Provided by Shenzhen Stock Exchange

Full Translation

AI Translation· azure_openai

Shandong Victory Co., Ltd. 2025 Annual Shareholders' Meeting Resolution Announcement

The company and all members of the board of directors guarantee that the content of the information disclosure is true, accurate, and complete, without false records, misleading statements, or major omissions.

Special Reminder:

  1. There were no proposals rejected at this shareholders' meeting.
  2. There were no proposals involving changes to previous shareholders' meeting resolutions.

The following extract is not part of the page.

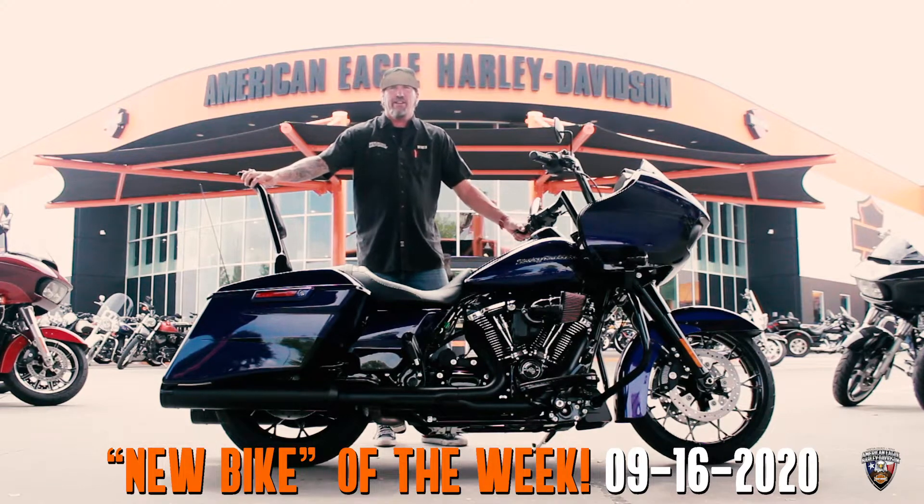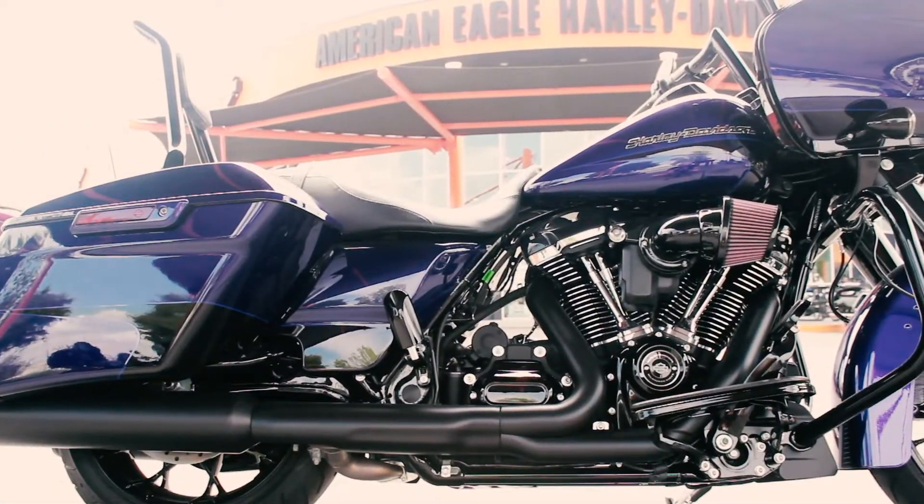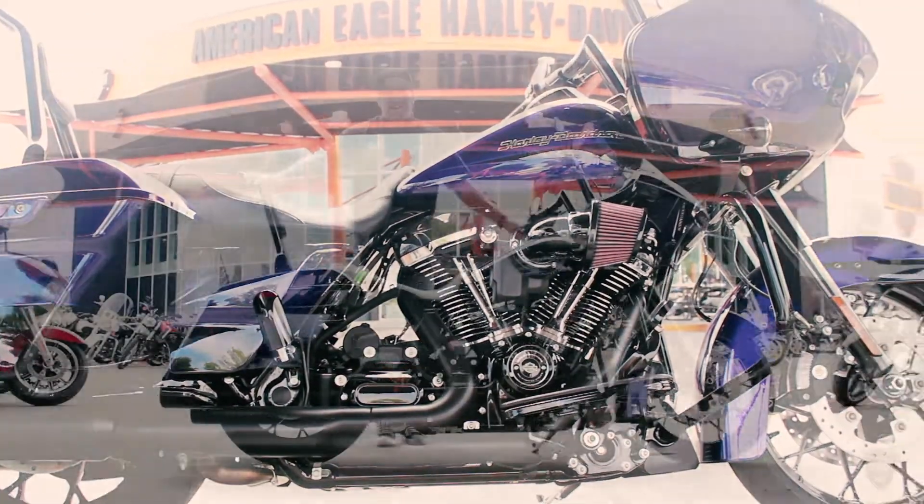What's up guys? It's Wicked from American Eagle Harley-Davidson, bringing you a new bike of the week. It's a 2020 Road Glide Special in the Zephyr Blue and Black. It's pretty kick-ass. Check it out.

I. Meeting Convening and Attendance

  1. Meeting Convening Situation (1) Meeting Time

    • On-site meeting time: May 22, 2026 (Friday) at 13:30.
    • Online voting time: May 22, 2026 (Friday). The time for online voting through the Shenzhen Stock Exchange trading system is during trading hours on May 22, 2026, specifically from 9:15-9:25, 9:30-11:30, and 13:00-15:00; the online voting system of the Shenzhen Stock Exchange will start voting at 9:15 and end at 15:00 on May 22, 2026. (2) On-site Meeting Location: Meeting Room 3302, Block B, No. 1, Jinan Pharmaceutical Valley, North Section of Gangxing 3rd Road, High-tech Zone, Jinan City, Shandong Province. (3) Meeting Method: Combination of on-site voting and online voting. (4) Convener: The company's board of directors. (5) Host: Chairman Xu Teliang. (6) The convening and holding of this meeting comply with the relevant provisions of the Company Law of the People's Republic of China, the Shenzhen Stock Exchange Listing Rules, the Self-Regulatory Guidelines for Listed Companies No. 1 - Standardized Operations of Main Board Listed Companies, and the Articles of Association.
  2. Attendance Situation (1) Overall Attendance of Shareholders A total of 500 shareholders attended this shareholders' meeting, representing 38,364,019 shares, accounting for 4.3592% of the total voting shares of the company, which is 880,084,656 shares. Among them, 33 shareholders and authorized agents attended the meeting on-site, representing 9,647,934 shares, accounting for 1.0963% of the total voting shares; 467 shareholders attended the meeting through online voting, representing 28,716,085 shares, accounting for 3.2629% of the total voting shares. (2) Attendance of Small and Medium Shareholders A total of 500 small and medium shareholders attended this shareholders' meeting, representing 38,364,019 shares, accounting for 4.3592% of the total voting shares of the company. Among them, 33 small and medium shareholders and authorized agents attended the meeting on-site, representing 9,647,934 shares, accounting for 1.0963% of the total voting shares; 467 small and medium shareholders attended the meeting through online voting, representing 28,716,085 shares, accounting for 3.2629% of the total voting shares. (3) Representatives of the company's directors, senior management, Da Xin Accounting Firm, Zhejiang Zhongqi Hua Asset Appraisal Co., Ltd., Zhongtai Securities Co., Ltd., and Shandong Kun Ning Law Firm attended the meeting.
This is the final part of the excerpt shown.